アートのオンラインマガジン、アートの分野では百貨店の中で当社が自称一番シェア。
https://www.youtube.com/watch?v=l2blZ_33AhY

九州探検隊
博多大丸天神店では、地元の美味しいもの、いいものを探索している。例えば、地元の農産物と加工業者をセットして価値をアップさせている。この方法を全国展開したい。
https://www.daimaru-fukuoka.jp/kyushutankentai/

北のグルメハンター・本田大助氏
北海道物産展バイヤーが有名。
https://www.matsuzakaya.co.jp/ueno/hokkaido/1812/

=大丸松坂屋を一言で言えば=

そして、大丸松坂屋を一言で言えば「価値あるコンテンツを開発し、3つのタッチポイントを使って組織化された顧客にその価値を伝達する会社」と説明。

⇒コンテンツ
・商品
・サービス
・エンタメ
※独自性のある有償で価値のあるものを開発する。

⇒組織化された顧客
・顧客属性データ
・決済データ
・行動データ
※データを駆使してお客様を高度にセグメントしていく。

⇒タッチポイント
・店舗
・オンライン
・外商
※自社の価値をご紹介する場所が3つ
※データが重要になるのでデータサイエンティストを養成中。この春、母校滋賀大のデータサイエンス部の社会人大学院で1名勉強中。

=我々が取り扱う商品の主戦場はどこか=

「生活と文化を結ぶ松坂屋」からの流れでマトリクスを考えると、4つの象限ができる。○縦軸(プライス):低価格(大量生産)→ら高価格(中量~少量生産)。○横軸(役に立つか立たないか):実用性商材(日常生活に不可欠、理性的)→非実用性商材(心の充足に必要、情緒的)。

○第二象限(左上):実用的だが高価格(クラフト軸:職人が丁寧に作っているイメージ、高品質、高素材、高性能、安心安全等々)。 ○第三象限(左下):大量消費を前提とした大量生産、近代的な生産ライン。
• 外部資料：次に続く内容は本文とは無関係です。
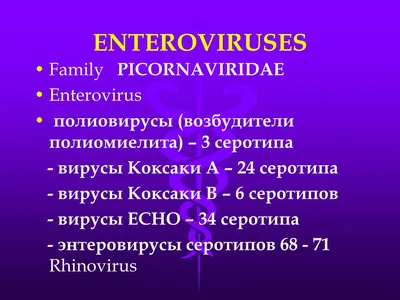 В Твери массово распространяется вирус Коксаки, а врачи пишут - ОРВИ - МК  Тверь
コストパフォーマンスが重要視され、価格は下落する力が働く傾向にある。
○第一象限(右上):非実用的だが高価格(アート軸:アート性、デザイン性等々)。
○4つの象限と言いながら、クラフト軸(第二象限・左上)とアート軸(第一象限・右上)はセパレートされたものではなく、一対という考え方もある。マーケットは大きく百貨店の存在感を出すことは難しいが、意味性商材としてここを主戦場にする。ラグジュアリー・クリエイター・ファクトリーのブランド、アート・工芸・機械式時計、デパ地下や地方銘産品、老舗ブランドなどが良い例。工賃を下げるためにグローバルで大量生産する商品ライン(第三象限)とは違う場所で勝負する。

■結びとして

百貨店が「小売業の王者」と呼ばれたのは、近代産業としての小売業が主に百貨店しかなかった昭和の時代の話。量販店、郊外型SC、駅ビル、専門店、製造小売、EC、レンタルなど様々なプレイヤーが小売業界に参入し、百貨店からいくつかの分野の商材を奪取してきた。
とは言え、百貨店としてまだまだ強みを発揮できる分野はある。我々はこの分野をまず明確にして、業界内でのシェアを拡大すると同時に、伝統と信用を最大限に活用した新たな分野でのビジネスを展開することで、企業として独自の成長路線を切り開きたい。

時折、笑いを誘う話題をちりばめながら、興味深いお話でした。